Try it online or verify all test cases.

Explanation:

Î # Push 0 and the input-string
 ü) # Create all pairs of the (implicit) input-string
 # (which will be [] if the input-string is of length 0 or 1)
 # i.e. "ab d" → ["a","b"],["b"," "],[" ","d"]]
 v # Loop over these pairs `y`:
 •δ'ā∍ë*8U¾Ã• '# Push compressed integer 307264255556527588774514
 ₂в # Converted to Base-26 as list: [7,1,5,1,8,0,10,8,24,9,18,6,17,7,16,7,20]
 45+ # Add 45 to each: [52,46,50,46,53,45,55,53,69,54,63,51,62,52,61,52,65]

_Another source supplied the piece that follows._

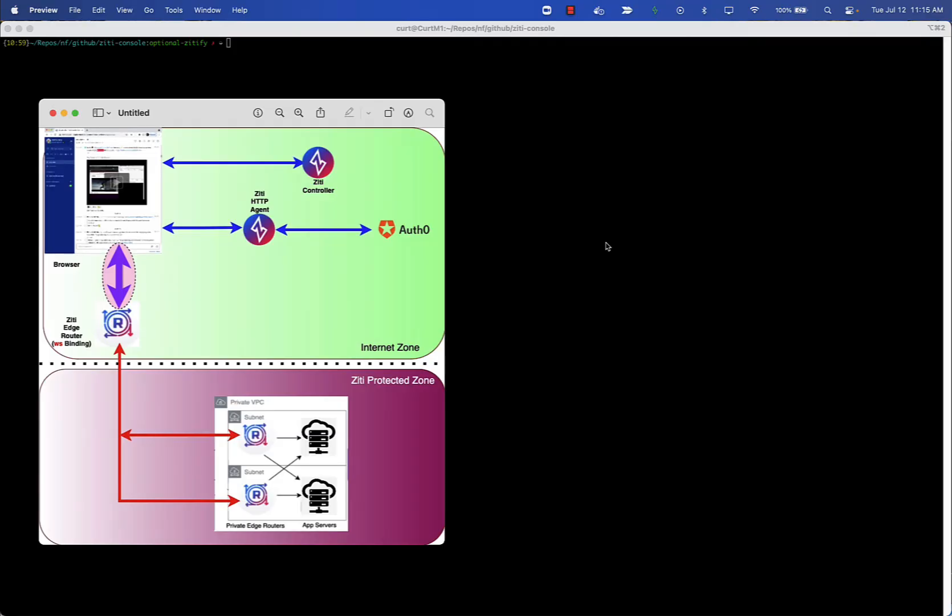Hello everyone and welcome back to another video concerning the ZD browser stack. Today we're not only going to discuss browser, but we're going to blend in some other ZD concepts, specifically app embedding concepts.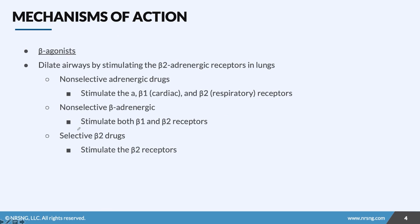Our last drug we're going to be covering is beta agonists. These are unique because the non-selective and selective ones hit different receptors, but we are doing the same thing as before — we are dilating the airway, trying to expand that narrow airway in the lungs. Each drug class just does it differently.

 2ô # Split into parts of size 2: [[52,46],[50,46],[53,45],[55,53],[69,54],[63,51],[62,52],[61,52],[65]]
 9Ý # Push list [0,1,2,3,4,5,6,7,8,9]
 À # Rotate it once to [1,2,3,4,5,6,7,8,9,0]

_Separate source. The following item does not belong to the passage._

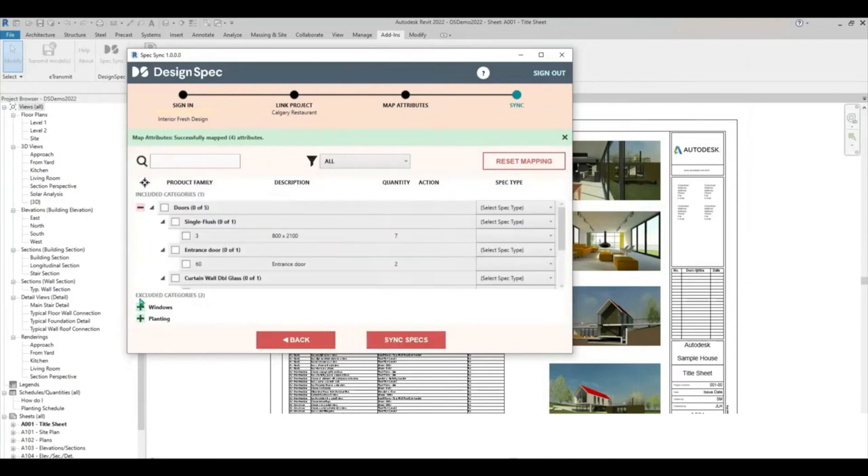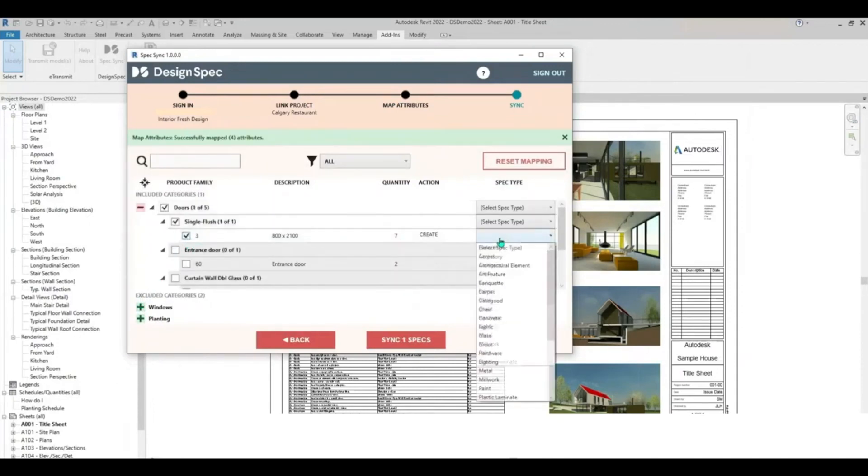Now, choose which categories and individual product families to sync and select what type of specifications to create from your product families.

 žV # Push builtin ["qwertyuiop","asdfghjkl","zxcvbnm"]
 €S # Convert each to a list of characters
 ζ # Zip/transpose; swapping rows/columns, with space as default filler:
 # [["q","a","z"],["w","s","x"],["e","d","c"],["r","f","v"],["t","g","b"],["y","h","n"],["u","j","m"],["i","k"," "],["o","l"," "],["p"," "," "]]

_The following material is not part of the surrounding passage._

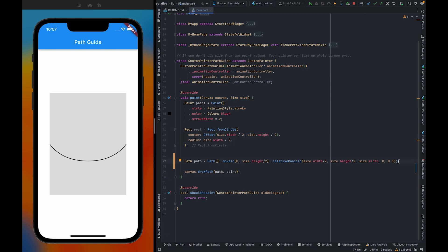This is all about conicTo and relativeConicTo. To learn more about custom paint path and Flutter advance, you can subscribe to the channel. See you in the next video.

 ‚ø # Pair it with the digit list, and zip/transpose again
 ˜ # Then flatten this entire list:
 # ["1","q","a","z","2","w","s","x","3","e","d","c","4","r","f","v","5","t","g","b","6","y","h","n","7","u","j","m","8","i","k"," ","9","o","l"," ","0","p"," "," "]
 ð",.;'"S.;
 # Replace the four spaces with [",", ".", ";", "'"] in order
 yk # Get the indices of the characters in the pair `y` in this list
 # i.e. ["b"," "] → [19,-1]
 4/ # Divide both by 4
 # i.e. [19,-1] → [4.75,-0.25]
 ï # Floor the decimals to integers
 # i.e. [4.75,-0.25] → [4,-1]
 D3›- # If an index is larger than 3: decrease it by 1
 # i.e. [4,-1] → [3,-1]
 D4›- # If an index is now larger than 4: decrease it by 1 again
 D ‚ # Pair it with the original index
 # i.e. [[19,-1],[3,-1]]
 © # And save it in the register (without popping)
 θè # Then use the last of the two to index into the list of pairs
 # i.e. [3,-1] → [[55,53],[65]]
 ®€Ë # Check for each pair in the register if they're equal
 # i.e. [[19,-1],[3,-1]] → [0,0]
 O # Take the sum of that
 U # And pop and store it in variable `X`
 ε } # Map the pairs in the list to:
 Xè # The `X`'th value in the pair
 # i.e. [[55,53],[65]] and `X`=0 → [55,65]
 T/ # Divide each by 10
 # i.e. [55,65] → [5.5,6.5]
 z # And take 1/value for each
 # i.e. [5.5,6.5] → [0.181...,0.153...]
 X_i # If variable `X` was 0:
 O # Take the sum of these decimal values
 # i.e. [0.181...,0.153...] → 0.335...
 3*8/ # Multiply it by 3, and then divide it by 8
 # i.e. 0.335... → 0.125...
 ë # Else:
 θ # Pop the pair of decimal values, and only leave the last one
 ] # Close both the if-else statement and the loop
 O # And take the sum of the stack
 # (which is output implicitly as result)

See this 05AB1E tip of mine (sections How to compress large integers? and How to compress integer lists?) to understand why •δ'ā∍ë*8U¾Ã• is 307264255556527588774514 and •δ'ā∍ë*8U¾Ã•₂в is [7,1,5,1,8,0,10,8,24,9,18,6,17,7,16,7,20].